═════ DATA FOR THIS TASK ═════
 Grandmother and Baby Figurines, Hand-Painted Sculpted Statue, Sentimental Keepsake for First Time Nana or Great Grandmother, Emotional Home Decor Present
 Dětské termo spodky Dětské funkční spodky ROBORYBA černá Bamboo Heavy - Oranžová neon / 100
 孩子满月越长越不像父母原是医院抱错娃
═════
═════ DATA FOR THIS TASK ═════
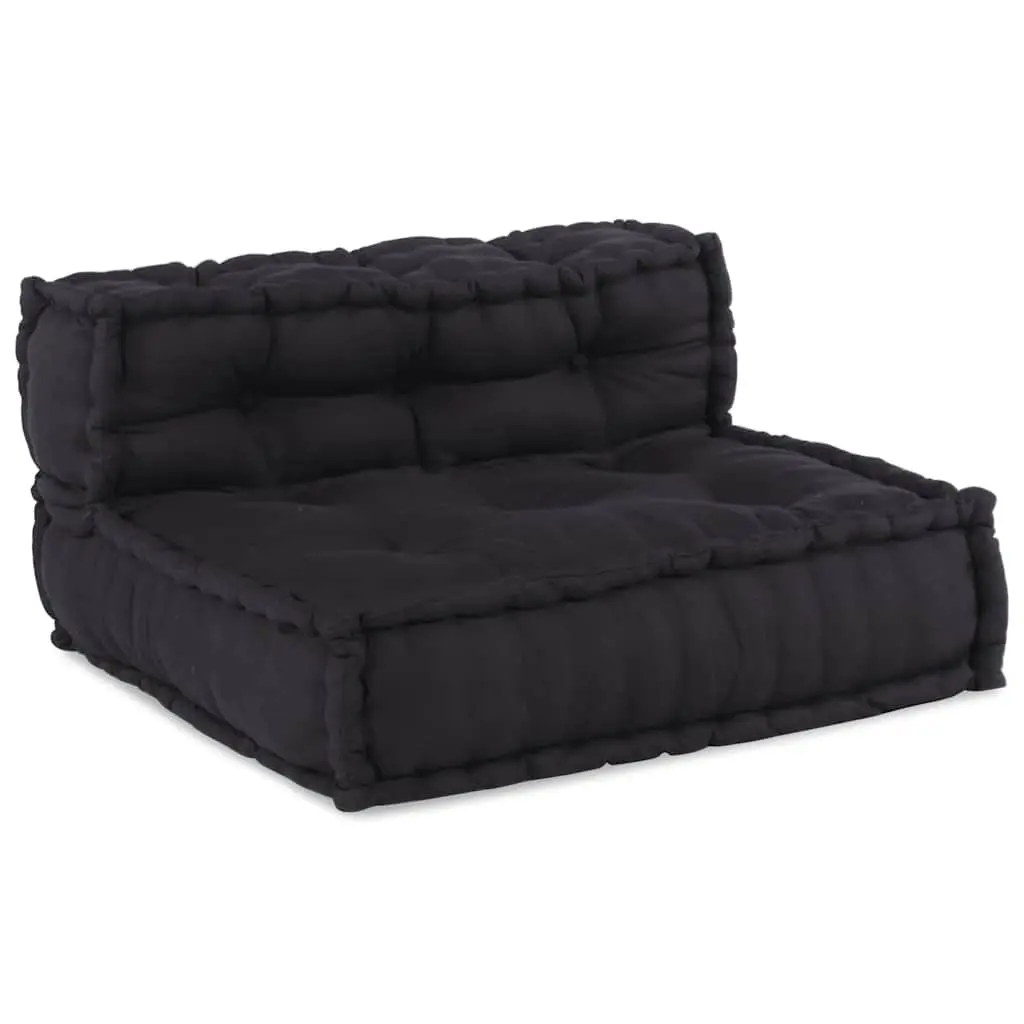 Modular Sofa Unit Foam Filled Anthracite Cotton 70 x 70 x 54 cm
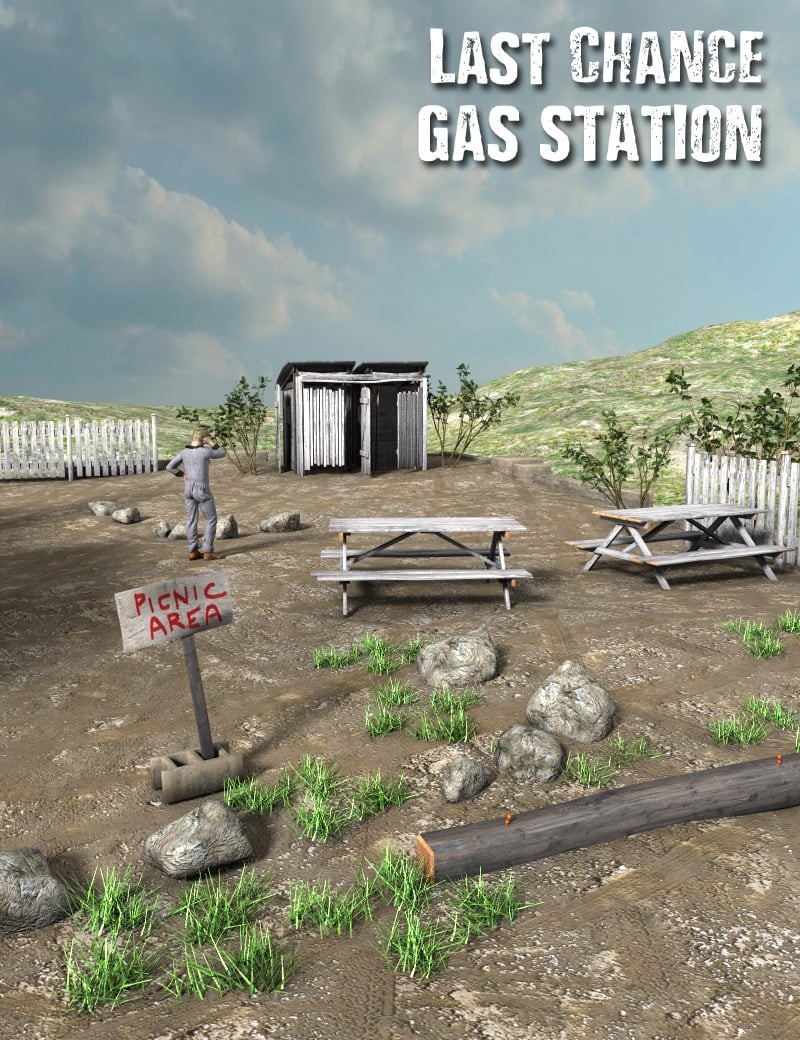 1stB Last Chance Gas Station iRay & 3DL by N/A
═════
═════ DATA FOR THIS TASK ═════
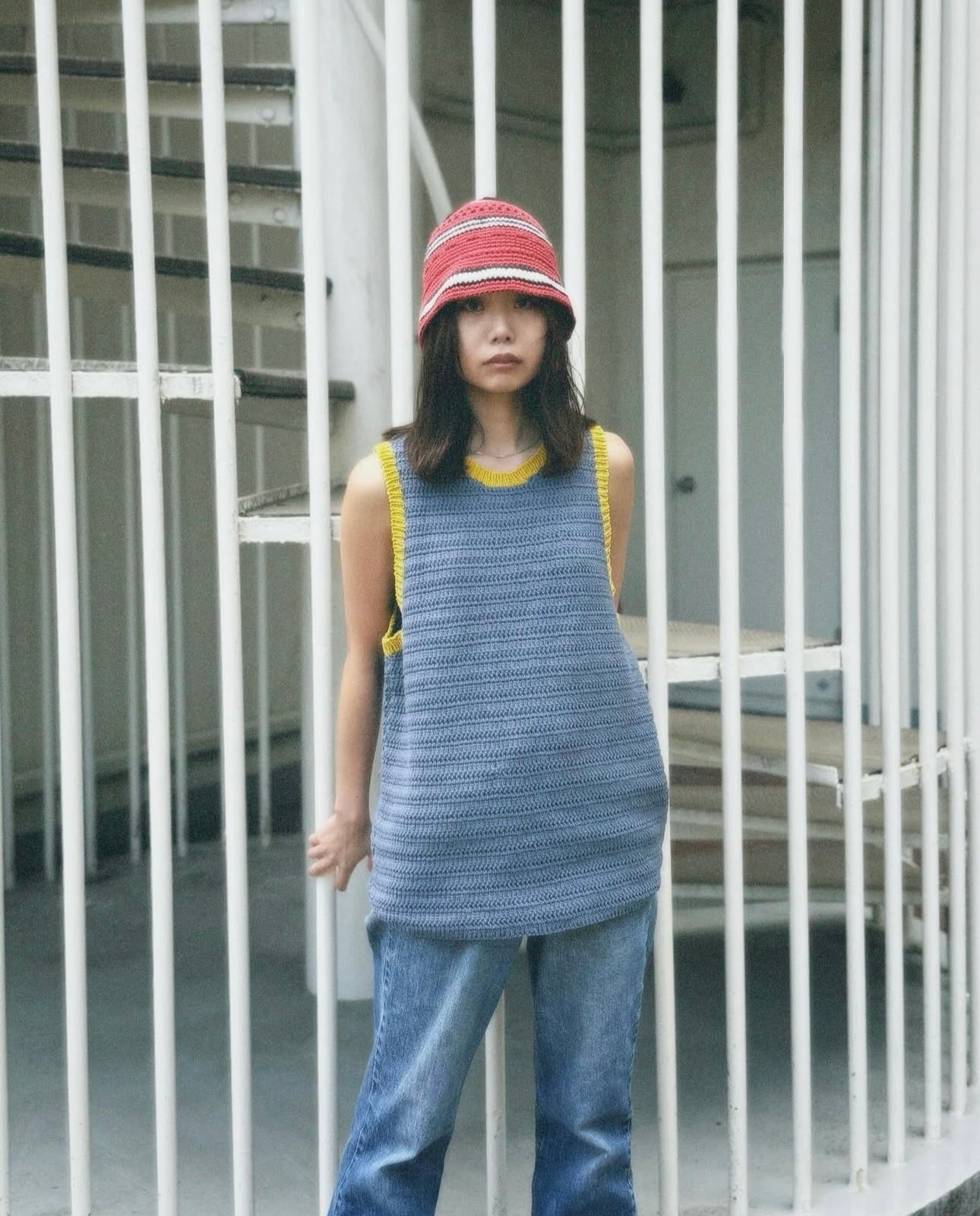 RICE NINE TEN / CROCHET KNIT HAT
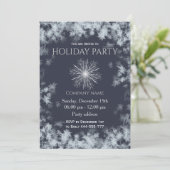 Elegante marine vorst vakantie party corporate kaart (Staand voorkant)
═════
**ABOUT THIS TASK**. Taking the entries above, print exactly the lines starting at the line with "Grandmother and Baby" and ending at the line with "孩子满月越长越不像父母原是医院抱错娃", both included.

**YOUR RESPONSE**.
 Grandmother and Baby Figurines, Hand-Painted Sculpted Statue, Sentimental Keepsake for First Time Nana or Great Grandmother, Emotional Home Decor Present
 Dětské termo spodky Dětské funkční spodky ROBORYBA černá Bamboo Heavy - Oranžová neon / 100
 孩子满月越长越不像父母原是医院抱错娃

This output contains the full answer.